### Records
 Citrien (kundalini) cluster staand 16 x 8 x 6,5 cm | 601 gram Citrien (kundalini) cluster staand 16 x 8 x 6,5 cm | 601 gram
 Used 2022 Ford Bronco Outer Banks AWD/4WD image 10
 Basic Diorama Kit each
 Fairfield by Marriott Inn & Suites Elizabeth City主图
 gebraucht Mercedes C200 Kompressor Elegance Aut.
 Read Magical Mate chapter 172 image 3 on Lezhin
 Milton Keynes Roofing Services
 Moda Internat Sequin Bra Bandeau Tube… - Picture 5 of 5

### Required action
Your answer must be the lines from the one containing "Basic Diorama Kit each" to the last line of the entries, repeated exactly and with nothing else.

### Solution to the problem
 Basic Diorama Kit each
 Fairfield by Marriott Inn & Suites Elizabeth City主图
 gebraucht Mercedes C200 Kompressor Elegance Aut.
 Read Magical Mate chapter 172 image 3 on Lezhin
 Milton Keynes Roofing Services
 Moda Internat Sequin Bra Bandeau Tube… - Picture 5 of 5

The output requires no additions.